Nem Cavaco Silva há dez anos, quando beneficiou de uma esquerda que dividiu o seu voto entre Manuel Alegre e Mário Soares, evitou que metade do país olhasse com desconfiança o seu início de funções em Belém. Nem Jorge Sampaio, em 1996, quando foi eleito também graças ao cansaço dos portugueses com o ciclo de dez anos de cavaquismo (e Cavaco ainda chegou a 46% nessa eleição…), foi capaz de cativar simpatias na derrotada base de apoio do centro-direita. Nem mesmo Mário Soares, que viria a seduzir uma expressiva maioria dos portugueses no final do seu primeiro mandato, impediu que a sua posse em 1986 como Presidente da República se fizesse perante um país ainda crispado e dividido a meio com a sua curta vitória à 2.ª volta sobre Freitas do Amaral. E nem sequer Ramalho Eanes, em 1976, o único Presidente eleito no primeiro mandato com mais de 60% dos votos, lograria obter um consenso tão alargado dos eleitores nesses tempos conturbados e de acentuadas clivagens políticas pós 25 de Abril.

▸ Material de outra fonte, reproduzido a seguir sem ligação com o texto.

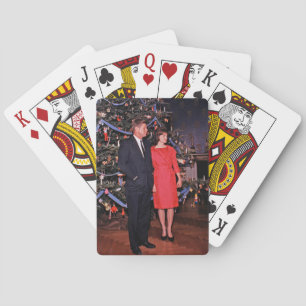 Amerikaanse President John Kennedy kerstkaart Pokerkaarten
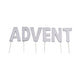 Abi decoratie kerst letterstekers advent zilverkleurig 5 cm | 24 stuks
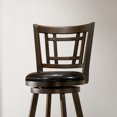 thumbnail image 5 of Furniture of America Charleen Wood 29-Inch Swivel Bar Stool in Brown Cherry, 5 of 5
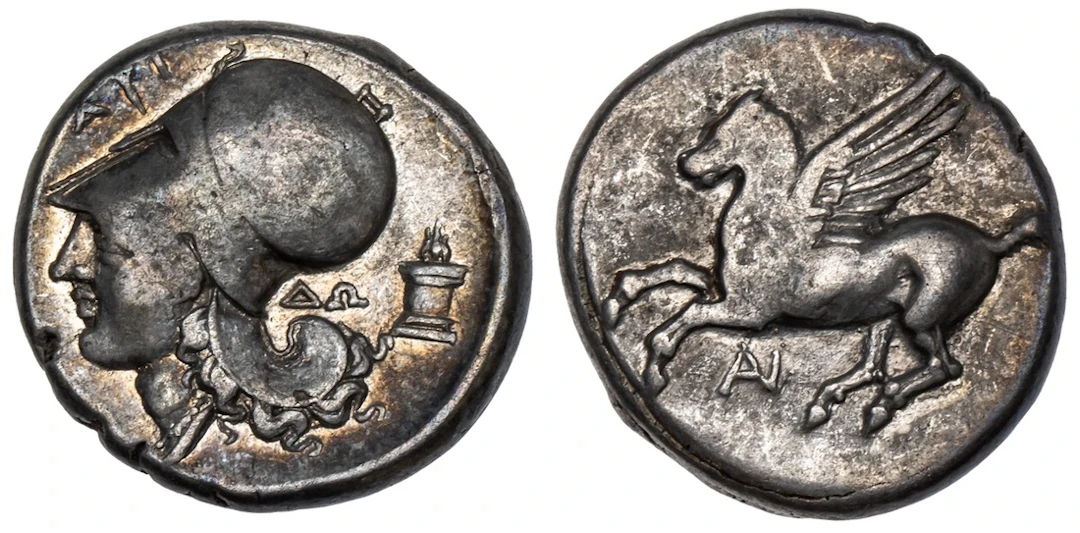 Akarnania, Anaktorion, AR Stater, struck c. 350-300 BC, Pegasos flying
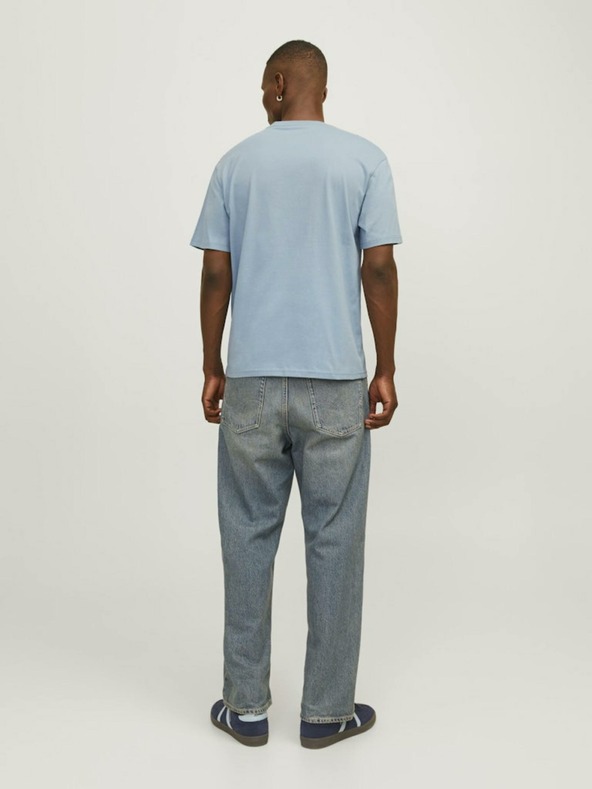 Jack & Jones Svetlomodré pánske tričko Jack & Jones Vesterbo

Marcelo, ao contrário de todos eles, assume o cargo presidencial com quase todo o país rendido a seus pés. Encantado com a sua proximidade das pessoas comuns e capacidade de comunicação. Deliciado com a sua simplicidade e despojamento de luxos e formalidades. Entusiasmado com a sua inteligência e bagagem cultural universalista. Maravilhado com a sua afetuosidade e espírito solidário.
Até o PS, de Costa a Guterres ou Sampaio, está visivelmente rendido aos dotes de Marcelo. Só mesmo a esquerda radical, do Bloco e do PCP, levanta reticências ou recusa aplausos ao novo Presidente – mas até esta faz questão de o elogiar por via indireta, apontando-o como a antítese de Cavaco. Marcelo é o anti-Cavaco. No estilo e no conteúdo. As expectativas não podiam estar mais elevadas para os lados de Belém.